* **Your assignment**
Each line of the entries that mentions the string "background" needs to be reported.

* **Working data**
+ + + +

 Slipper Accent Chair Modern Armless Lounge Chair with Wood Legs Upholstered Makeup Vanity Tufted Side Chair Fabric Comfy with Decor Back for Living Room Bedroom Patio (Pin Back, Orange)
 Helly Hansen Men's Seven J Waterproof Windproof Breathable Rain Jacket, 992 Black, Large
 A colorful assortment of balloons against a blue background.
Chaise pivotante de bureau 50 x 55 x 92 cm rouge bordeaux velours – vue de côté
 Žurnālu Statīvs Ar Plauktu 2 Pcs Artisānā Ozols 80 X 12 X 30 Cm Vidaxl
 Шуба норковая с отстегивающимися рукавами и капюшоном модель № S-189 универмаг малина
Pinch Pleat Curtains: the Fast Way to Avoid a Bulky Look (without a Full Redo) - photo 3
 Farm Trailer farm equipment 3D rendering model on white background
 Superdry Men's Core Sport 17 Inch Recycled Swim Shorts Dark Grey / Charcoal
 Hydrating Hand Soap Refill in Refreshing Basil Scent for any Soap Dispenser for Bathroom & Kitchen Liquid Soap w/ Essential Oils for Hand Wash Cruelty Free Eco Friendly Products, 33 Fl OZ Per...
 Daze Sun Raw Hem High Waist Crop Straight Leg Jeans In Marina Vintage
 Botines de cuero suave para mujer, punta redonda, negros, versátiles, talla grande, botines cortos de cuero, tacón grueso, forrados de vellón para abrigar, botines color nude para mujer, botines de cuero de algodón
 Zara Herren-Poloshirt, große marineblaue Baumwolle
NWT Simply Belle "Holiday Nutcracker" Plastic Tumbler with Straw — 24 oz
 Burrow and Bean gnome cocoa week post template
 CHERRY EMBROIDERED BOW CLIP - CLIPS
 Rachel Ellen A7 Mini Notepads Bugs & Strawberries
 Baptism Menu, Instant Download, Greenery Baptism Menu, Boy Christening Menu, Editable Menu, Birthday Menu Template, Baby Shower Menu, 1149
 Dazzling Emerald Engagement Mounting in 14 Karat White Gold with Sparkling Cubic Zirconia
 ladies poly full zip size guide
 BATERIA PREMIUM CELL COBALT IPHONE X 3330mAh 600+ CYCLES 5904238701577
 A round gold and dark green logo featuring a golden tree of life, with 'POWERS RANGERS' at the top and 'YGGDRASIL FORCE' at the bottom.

+ + + +

* **Solution for this problem**
 A colorful assortment of balloons against a blue background.
 Farm Trailer farm equipment 3D rendering model on white background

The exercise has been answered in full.